Problem details: Each record must be printed again exactly as given.

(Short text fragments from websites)
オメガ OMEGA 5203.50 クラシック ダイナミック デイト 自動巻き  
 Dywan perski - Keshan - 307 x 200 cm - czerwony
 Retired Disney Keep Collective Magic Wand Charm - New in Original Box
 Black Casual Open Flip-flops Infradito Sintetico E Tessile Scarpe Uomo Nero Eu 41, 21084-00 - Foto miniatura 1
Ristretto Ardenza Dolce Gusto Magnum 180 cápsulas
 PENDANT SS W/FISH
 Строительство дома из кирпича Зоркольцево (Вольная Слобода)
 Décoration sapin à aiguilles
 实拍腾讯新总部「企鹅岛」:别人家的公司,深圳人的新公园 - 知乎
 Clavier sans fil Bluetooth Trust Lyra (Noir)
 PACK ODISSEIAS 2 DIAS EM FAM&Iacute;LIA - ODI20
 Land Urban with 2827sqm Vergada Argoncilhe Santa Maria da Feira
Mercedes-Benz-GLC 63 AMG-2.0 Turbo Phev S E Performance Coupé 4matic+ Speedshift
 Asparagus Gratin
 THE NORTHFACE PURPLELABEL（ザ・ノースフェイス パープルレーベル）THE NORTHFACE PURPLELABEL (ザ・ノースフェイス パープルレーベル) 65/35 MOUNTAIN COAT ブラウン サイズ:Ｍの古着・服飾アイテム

Answer for the task:
オメガ OMEGA 5203.50 クラシック ダイナミック デイト 自動巻き  
 Dywan perski - Keshan - 307 x 200 cm - czerwony
 Retired Disney Keep Collective Magic Wand Charm - New in Original Box
 Black Casual Open Flip-flops Infradito Sintetico E Tessile Scarpe Uomo Nero Eu 41, 21084-00 - Foto miniatura 1
Ristretto Ardenza Dolce Gusto Magnum 180 cápsulas
 PENDANT SS W/FISH
 Строительство дома из кирпича Зоркольцево (Вольная Слобода)
 Décoration sapin à aiguilles
 实拍腾讯新总部「企鹅岛」:别人家的公司,深圳人的新公园 - 知乎
 Clavier sans fil Bluetooth Trust Lyra (Noir)
 PACK ODISSEIAS 2 DIAS EM FAM&Iacute;LIA - ODI20
 Land Urban with 2827sqm Vergada Argoncilhe Santa Maria da Feira
Mercedes-Benz-GLC 63 AMG-2.0 Turbo Phev S E Performance Coupé 4matic+ Speedshift
 Asparagus Gratin
 THE NORTHFACE PURPLELABEL（ザ・ノースフェイス パープルレーベル）THE NORTHFACE PURPLELABEL (ザ・ノースフェイス パープルレーベル) 65/35 MOUNTAIN COAT ブラウン サイズ:Ｍの古着・服飾アイテム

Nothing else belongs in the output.